● Work item: For this exercise, print the records below verbatim.

[Crawled caption data]

_ _ _ _ _ _ _

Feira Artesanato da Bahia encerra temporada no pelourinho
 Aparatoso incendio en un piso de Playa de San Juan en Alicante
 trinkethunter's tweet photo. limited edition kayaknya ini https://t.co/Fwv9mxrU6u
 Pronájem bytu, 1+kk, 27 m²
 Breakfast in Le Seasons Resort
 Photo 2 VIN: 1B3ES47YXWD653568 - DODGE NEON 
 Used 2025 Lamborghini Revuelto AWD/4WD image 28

_ _ _ _ _ _ _

● Task output:
Feira Artesanato da Bahia encerra temporada no pelourinho
 Aparatoso incendio en un piso de Playa de San Juan en Alicante
 trinkethunter's tweet photo. limited edition kayaknya ini https://t.co/Fwv9mxrU6u
 Pronájem bytu, 1+kk, 27 m²
 Breakfast in Le Seasons Resort
 Photo 2 VIN: 1B3ES47YXWD653568 - DODGE NEON 
 Used 2025 Lamborghini Revuelto AWD/4WD image 28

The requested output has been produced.